PROBLEM DETAILS.
Every record below is to be restated word for word, and no picture is to be copied.

[[ RECORD SET, beginning ]]

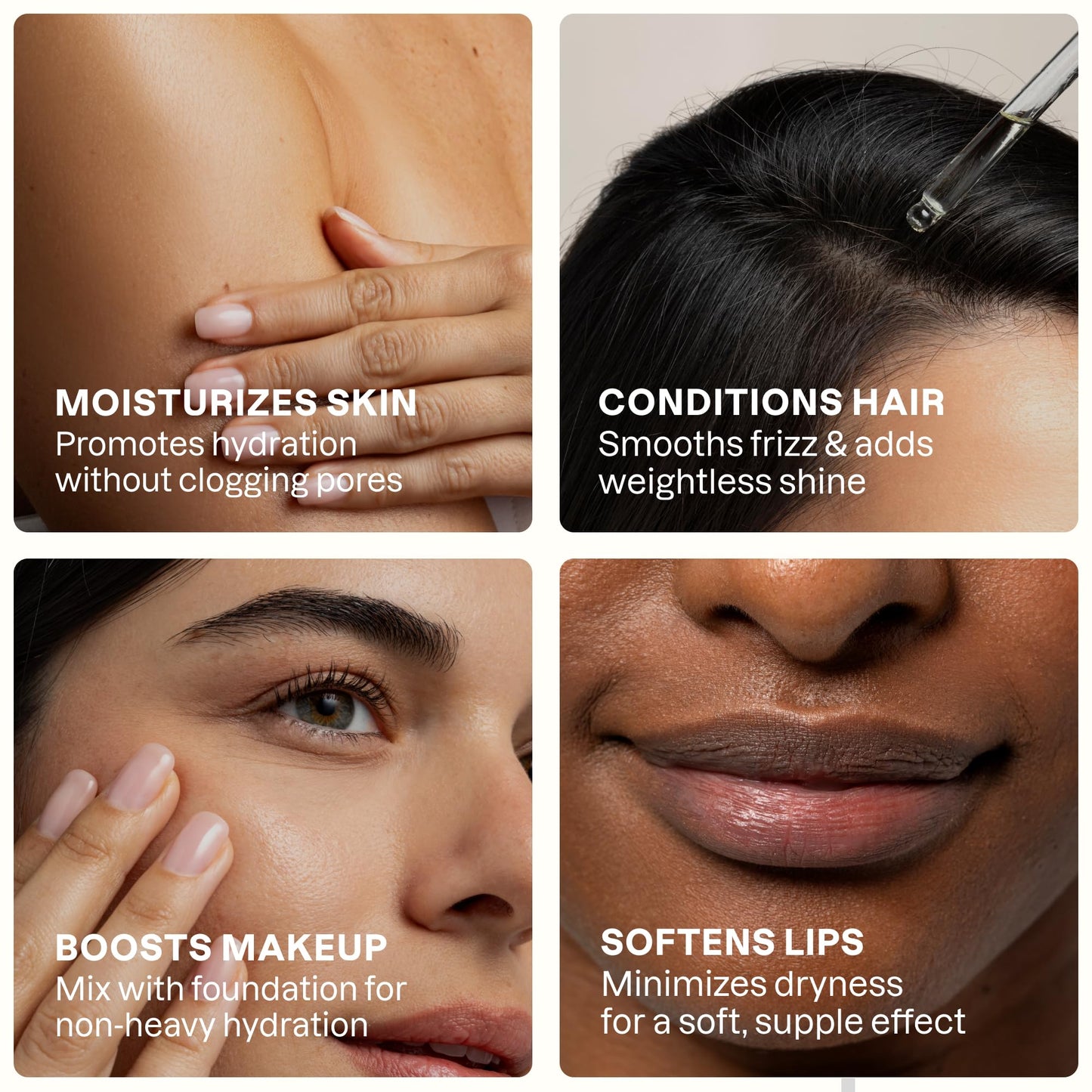 Cliganic Organic Argan Oil, 100% Pure - for Hair, Face & Skin | Cold Pressed Carrier Oil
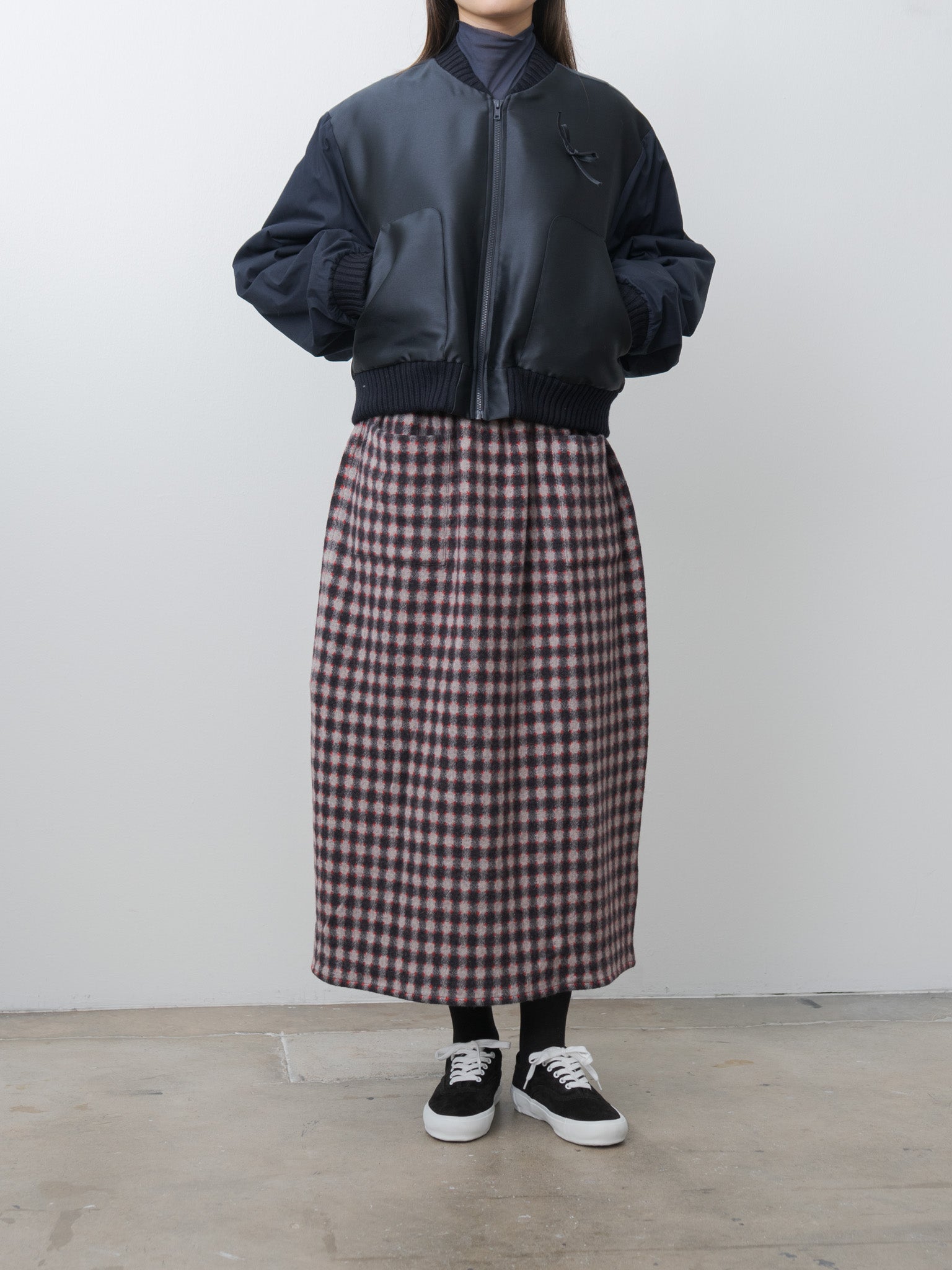 Namu Shop - Eleph Bow Coat - Navy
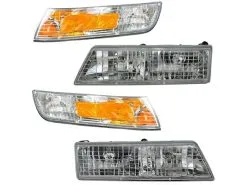 DIY Solutions - Headlight And Side Marker Kit 4 Piece Set - 1995 - 1997 Mercury Grand Marquis - LHT04249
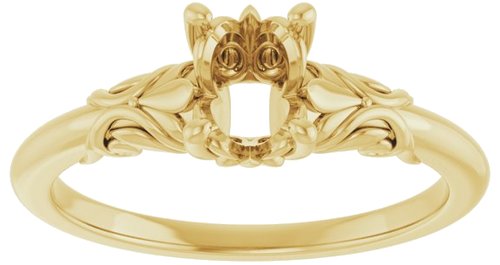 Sužadėtuvių Žiedas „Solitaire“ 14k yellow gold Oval 7mm x 5mm (3)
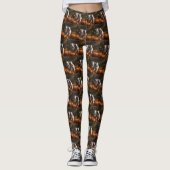 American Staffordshire Puppy Herfst Verrukking Leggings (Voorkant)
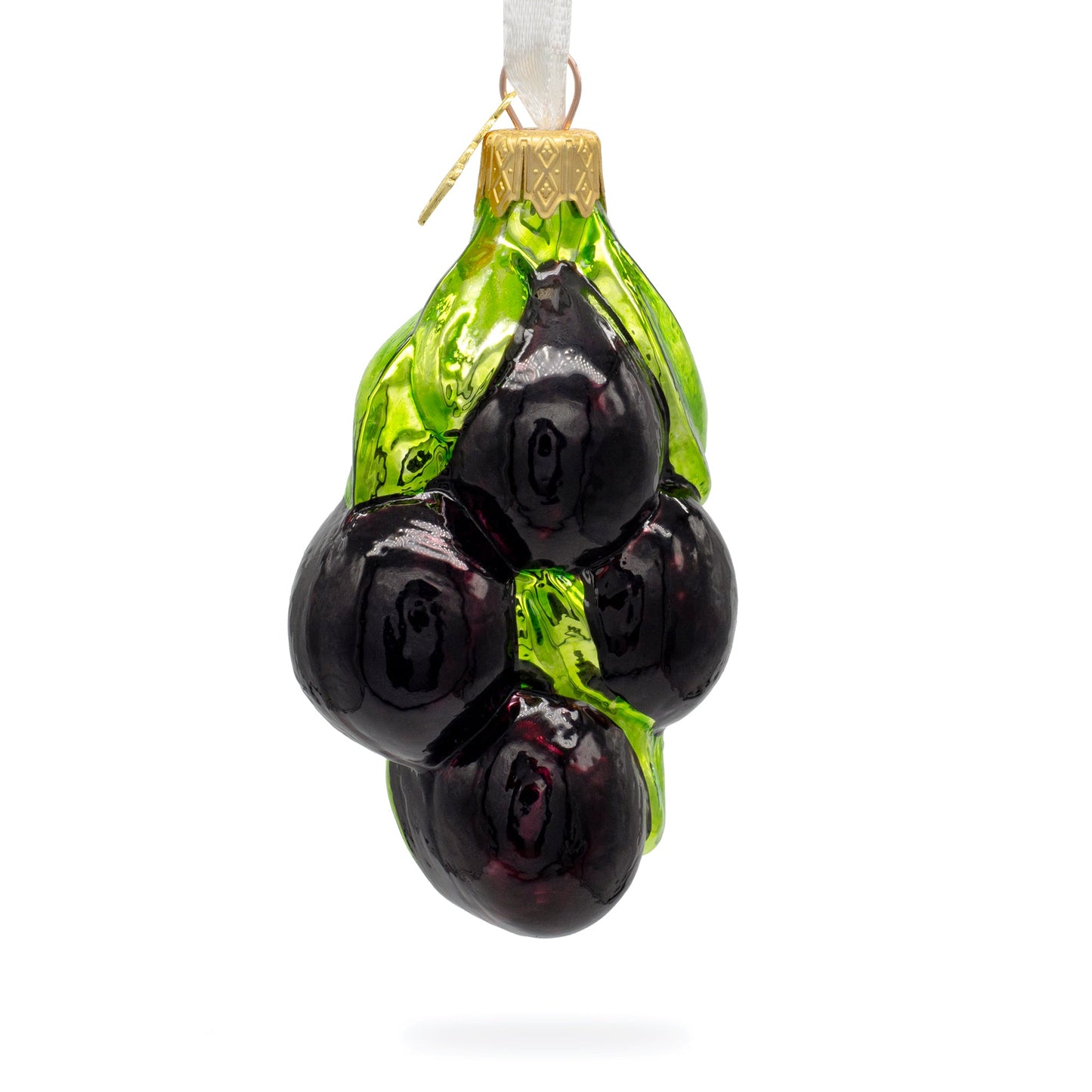 Black Olives Mini Glass Christmas Ornament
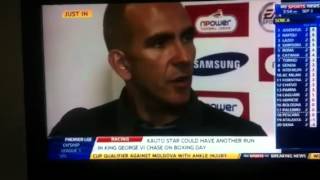 Paolo Di Canio Full Interview Regarding Wes Foderingham Preston V Swindon [upl. by Ymmaj]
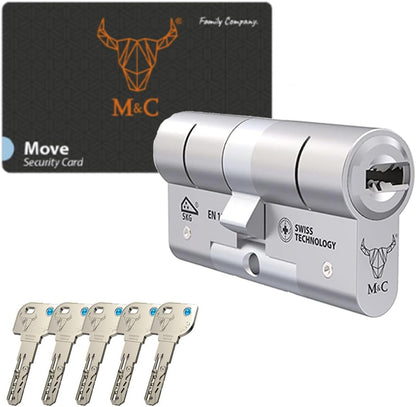 Bombín M&C MOVE Alta Seguridad Antibumping | 5 Llaves Alpaca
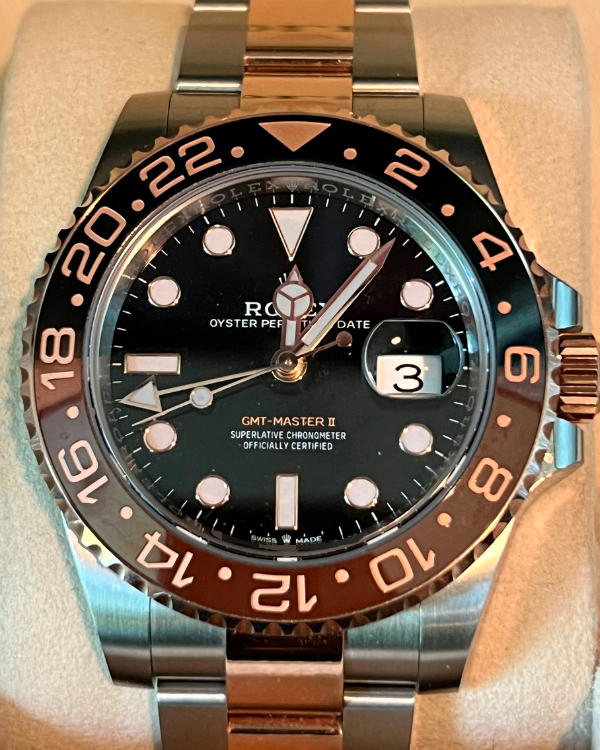 2021 Rolex GMT-Master II "Root Beer" 40MM Oystersteel And Everose Gold Black Dial (126711CHNR)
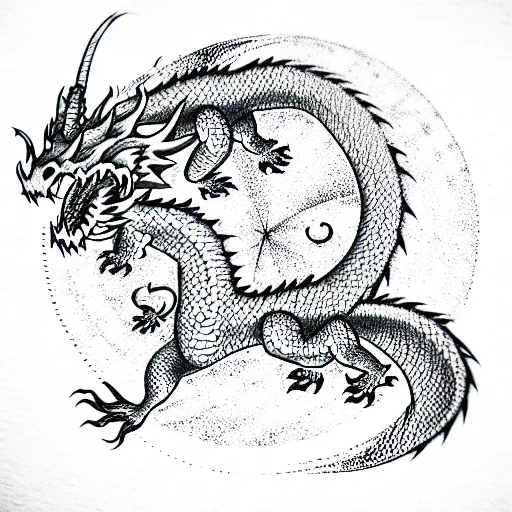 Dragon Over A Rising Sun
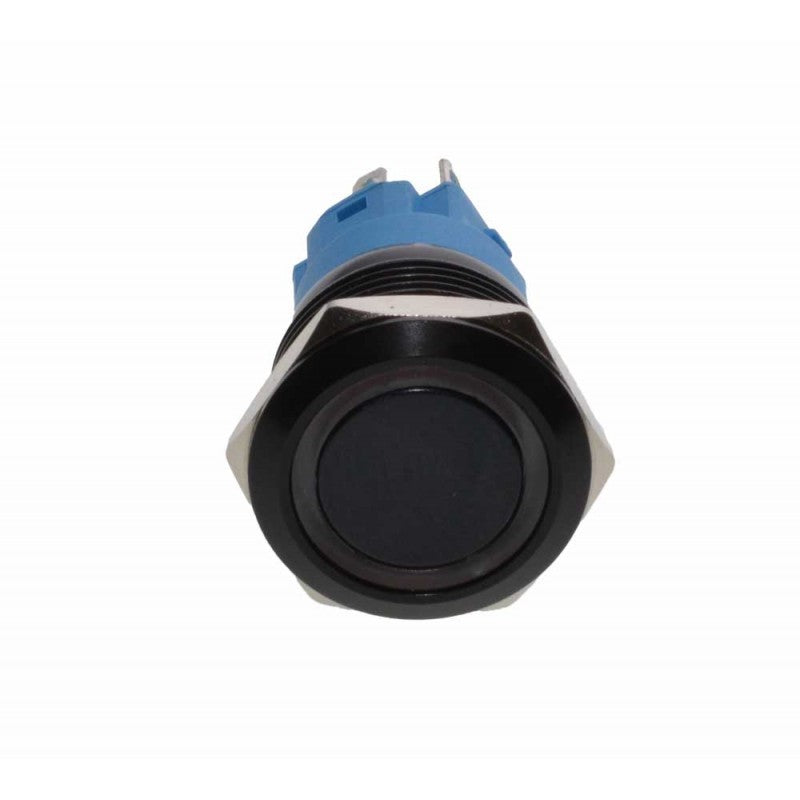 Push Buton Negru 19mm/Retinere cu Led Verde - Frize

[[ RECORD SET, end ]]

RESULT FOR THIS EXERCISE.
 Cliganic Organic Argan Oil, 100% Pure - for Hair, Face & Skin | Cold Pressed Carrier Oil
 Namu Shop - Eleph Bow Coat - Navy
 DIY Solutions - Headlight And Side Marker Kit 4 Piece Set - 1995 - 1997 Mercury Grand Marquis - LHT04249
 Sužadėtuvių Žiedas „Solitaire“ 14k yellow gold Oval 7mm x 5mm (3)
 American Staffordshire Puppy Herfst Verrukking Leggings (Voorkant)
 Black Olives Mini Glass Christmas Ornament
 Paolo Di Canio Full Interview Regarding Wes Foderingham Preston V Swindon [upl. by Ymmaj]
 Bombín M&C MOVE Alta Seguridad Antibumping | 5 Llaves Alpaca
 2021 Rolex GMT-Master II "Root Beer" 40MM Oystersteel And Everose Gold Black Dial (126711CHNR)
 Dragon Over A Rising Sun
 Push Buton Negru 19mm/Retinere cu Led Verde - Frize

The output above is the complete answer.